◆ What is needed ◆
Your answer should be the lines below from the one with "White gorgonian" to the one with "Difference between placental mammal and buck", both included, given again exactly and with nothing added.

◆ Information shown ◆

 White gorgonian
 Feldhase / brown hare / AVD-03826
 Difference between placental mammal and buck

* * *

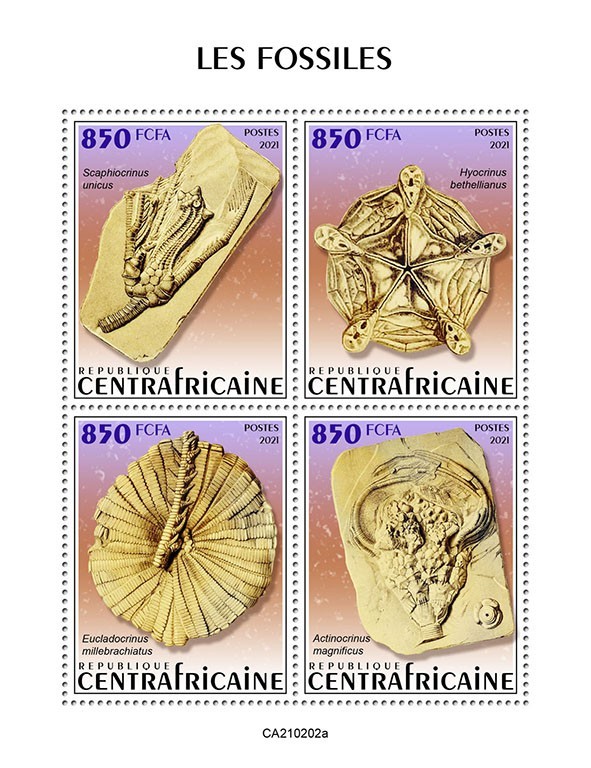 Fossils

◆ Written response ◆
 White gorgonian
 Feldhase / brown hare / AVD-03826
 Difference between placental mammal and buck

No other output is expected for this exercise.